農業における就業人口の減少と高齢化は社会的な課題となっており、営農ノウハウの可視化や栽培技術の継承など、日本の農業を守り、また発展させていく取り組みが必要である。また、農林水産省がカロリーベースの食料自給率37.17%(2020年)から45%(2030年)に高める目標を掲げている一方で、気候変動による収穫量の減少、生産現場でのフードロスの増加など、持続的・安定的な食料の供給のための課題がある。

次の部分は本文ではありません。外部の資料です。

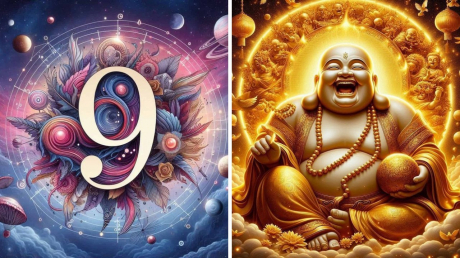 8 ngày sinh âm lịch được Âm Phù Dương Trợ: không thành Đại Gia cũng sống đời Sung Túc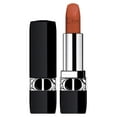 thumbnail image 2 of Christian Dior Rouge Refillable Lipstick 814 Rouge Atelier Matte Finish, 2 of 2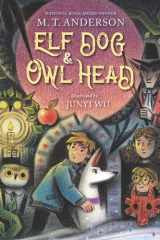 Elf Dog and Owl Head cover image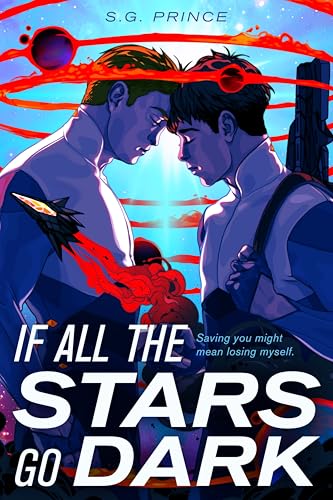 If All the Stars Go Dark - Hardcover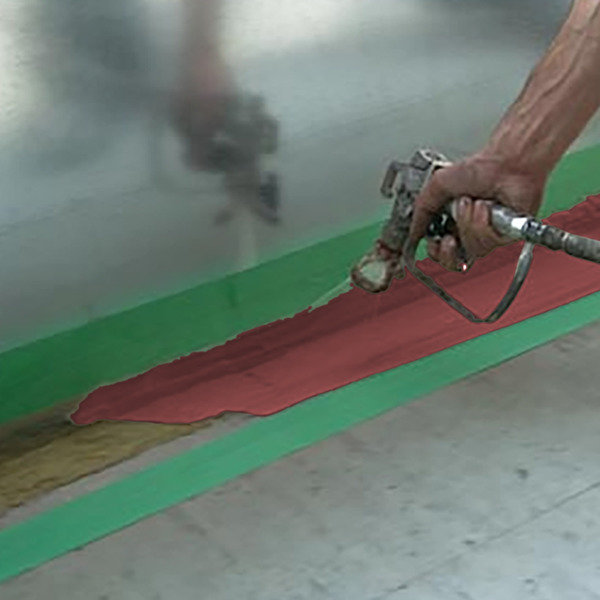 SFS Safing Spray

農業事業者向けのデータ基盤、クラウド、計測IoTの開発とサービス提供を行うPLANT DATA株式会社と、トマト栽培を行う農業法人の有限会社アグリマインド、半導体、ネットワーク、サイバーセキュリティ、AI/IoTにおけるトータルサービス・ソリューションプロバイダーの株式会社マクニカは、2022年11月よりアグリマインドの農場にて、トマトの収穫量予測、従業員の労務管理、各種計測自動化などをトータルでサポートする「スマート農業プラットフォーム」の実証実験を開始した。
同実証実験では、ハウス内の環境情報に加え、光合成量、蒸散量など植物の代謝のリアルタイム計測や、クロロフィル蛍光や白色LEDの画像スキャン計測により植物の形質的な情報など、野菜の成長そのものを測定する生体情報を取得し、そのモデルデータを蓄積しAIの分析を行うことで、高精度な収量予測の実現を目指す。それにより、資源・エネルギーの投入コストの最適化や、収穫・出荷に伴う作業量の事前把握による適切な労務管理も可能となる。

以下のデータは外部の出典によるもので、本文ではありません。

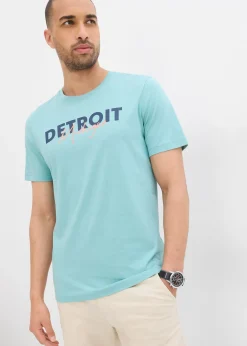 T-shirt 100% coton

同実証実験において、アグリマインドはスマート農業における現場の課題抽出や実装の場を提供し、PLANT DATAは今後必要となる、現場業務に落とし込むためのユースケースの具体化とそのための仕様のリファレンス化、ビッグデータの蓄積や共有、学習フェーズ・推論フェーズのAI実行環境の構築を進める。

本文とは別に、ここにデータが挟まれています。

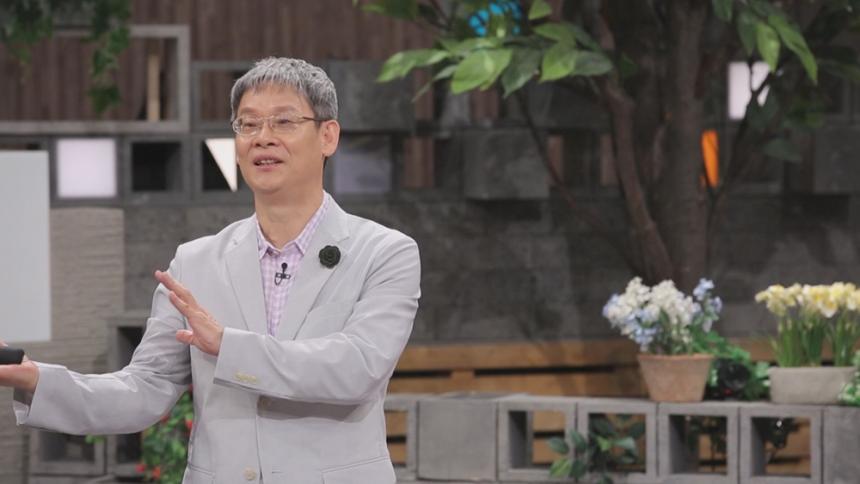 조영남 교수 / JTBC ‘차이나는 클라스’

また、マクニカは、PLANT DATAの各種センサーを用いて収集したデータをもとにAIモデルを作成し、PoCを行う。そしてその結果をもとにAIモデルを確立させ、ハウス環境のIoTによる制御システムを構築する。さらに、植物育成用LED、収穫用ロボティクス、ダッシュボードなど、AIにて解析したデータを実行するためのハードウェア・ソフトウェアを実装する。